A second long-running business in Birmingham’s Brindleyplace has been refused a lease renewal amid claims the landlord could damage the long-term success of the district.

Spiritual health shop Zen is the latest tenant to be turned down by the British Airways Pension Fund after hair salon Umberto Giannini was told it too would have to leave.

Sisters Kate and Megan Chandler run the business which their mother Sylvia Chandler set up 15 years ago after they said she was persuaded to move there by the landlord’s managing agent, GVA Grimley.

Despite having more than 2,000 regular customers and passing trade of about 100 a day, a bid to remain another ten years was denied and the company has until August left at The Water’s Edge unit.

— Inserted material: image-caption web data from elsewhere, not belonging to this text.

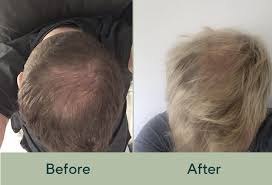 Dht is a hormone that has been linked to hair loss in women and men. Success Story Joe S Hair Regrowth Manual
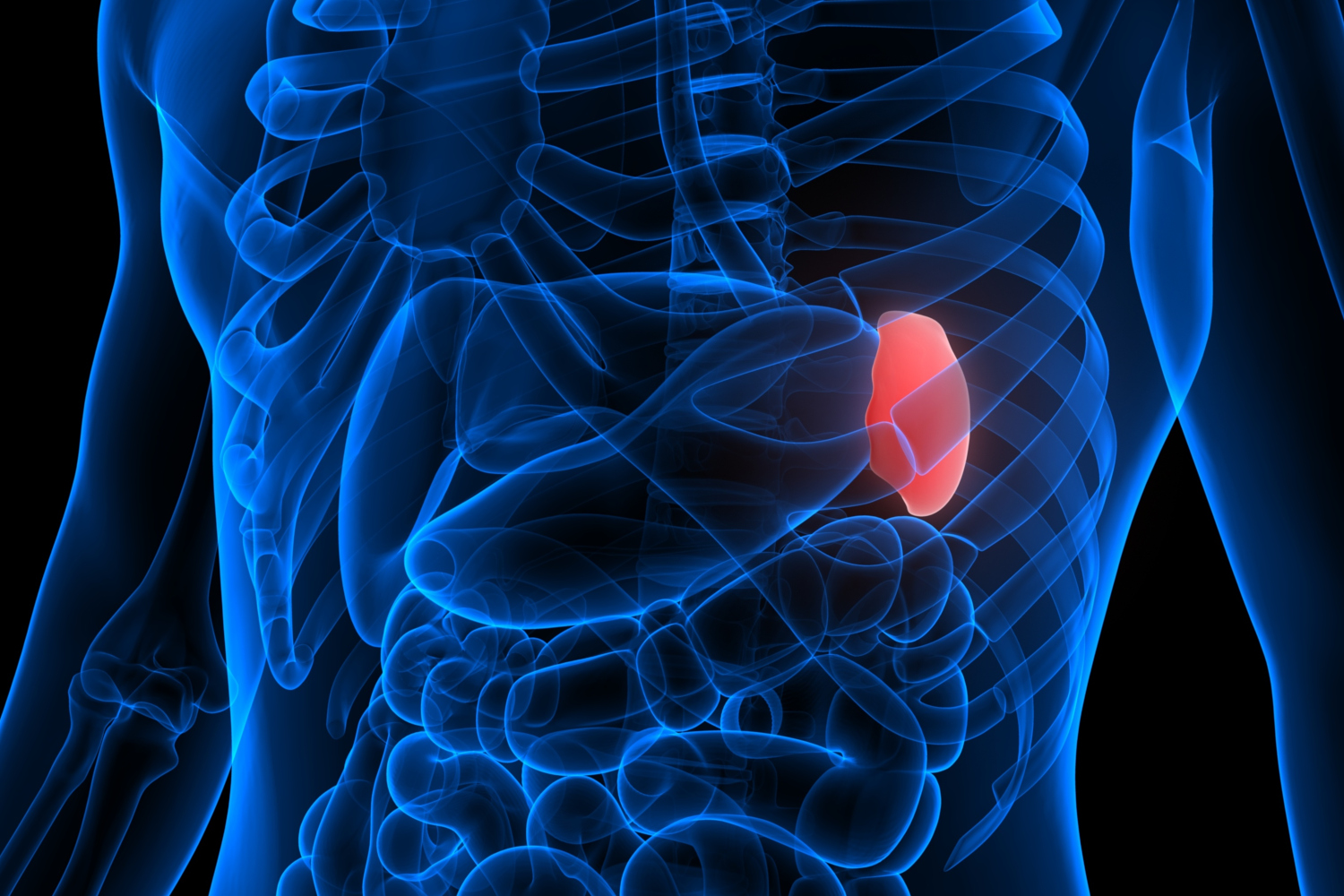 Spleen-xray-schematic-1500x_307427939.jpg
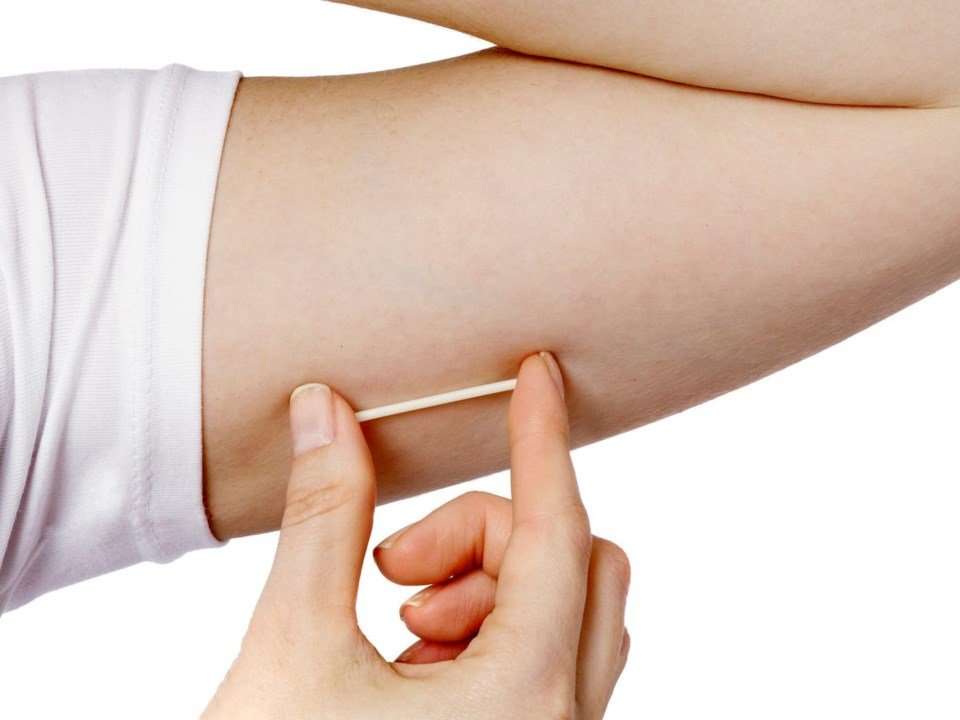 New implant device provides continuous birth control for ...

They claimed they were the last to know and even a local window cleaner was aware plans were afoot to “kick all the smaller people out”. The pair, who are from Moseley, said they have been told the spot will be used for a restaurant.

Kate said: “One of the excuses we were given for the decision was because the retail sector is so low but we’re thriving – last year was one of our best years.

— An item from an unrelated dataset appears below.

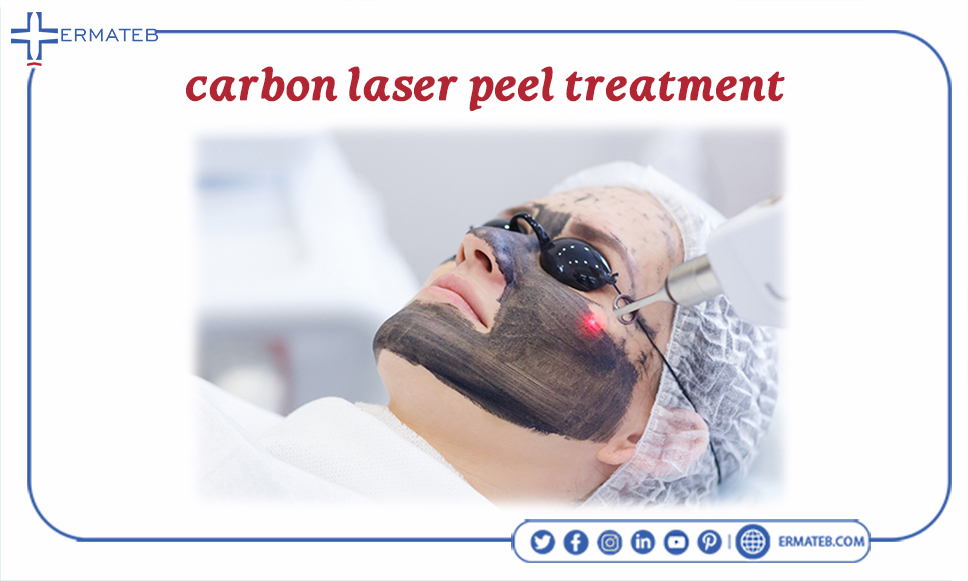 carbon laser peel treatment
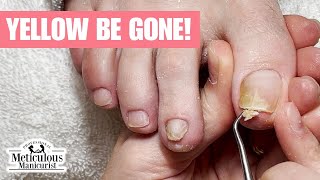 Why Are My Toenails Turning Yellow nails satisfying [upl. by Sumetra]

“It’s taken us a long time to build the business up to what it is. GVA Grimley said it is looking to secure Brindleyplace for the next 15 years but we said we have not suffered, partly because we’ve been here so long. It’s all to do with money and the fact it can get more with a restaurant licence here.”

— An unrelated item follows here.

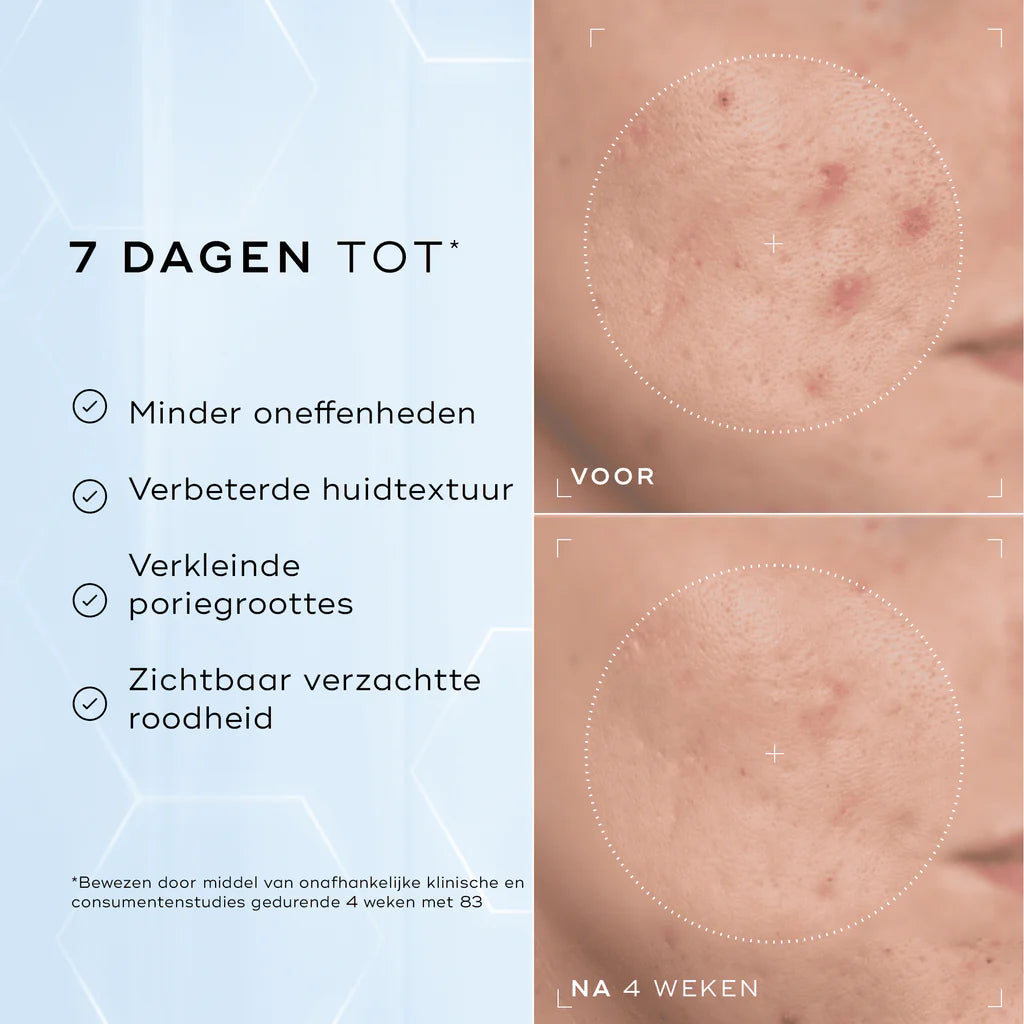 Medik8 Niacinamide peptides 30ml voor en na 4 weken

The 28-year-old said the business, which stays open until 10.30pm, is more than just a shop as it runs courses on subjects including crystal healing and astrology almost nightly, which attract up to 40 people.

She accused site bosses of contradicting themselves after Brindleyplace emailed out a statement following the decision to close Umberto Giannini.

“It was saying a mutually agreeable decision had been reached and that Brindleyplace would continue to promote its diversity. This just seems ridiculous,” she said.

“We bring a total mix of people into Brindleyplace and we wanted to stay.”

Megan, aged 22, said: “In a time of a recession we’ve done better in the last two years than ever. We’re something different.

“Birmingham really does lack a unique shopping experience.”

The business will move to its other branch in Moseley, which has been open ten years.

Birminghampost.net blogger Professor David Bailey, of Coventry University Business School, said the recession had highlighted the importance of diversity and warned against relying on restaurants and bars for trade.

“Certainly it would be a shame if we went backwards at Brindleyplace,” he said. “I can see from the landlord’s point of view they’re trying to maximise rents. It may well be they can get more rental yield if a big restaurant occupies that space than two smaller units. But from a broader point of view of the sustainability of the area and the place it’s important to have a diversity of offerings.”

A spokeswoman for Pizza Express, next door to Zen, said it would not be concerned about another restaurant.

Guy Thompson, from GVA Grimley, said: “The fund does not comment on individual tenancies.”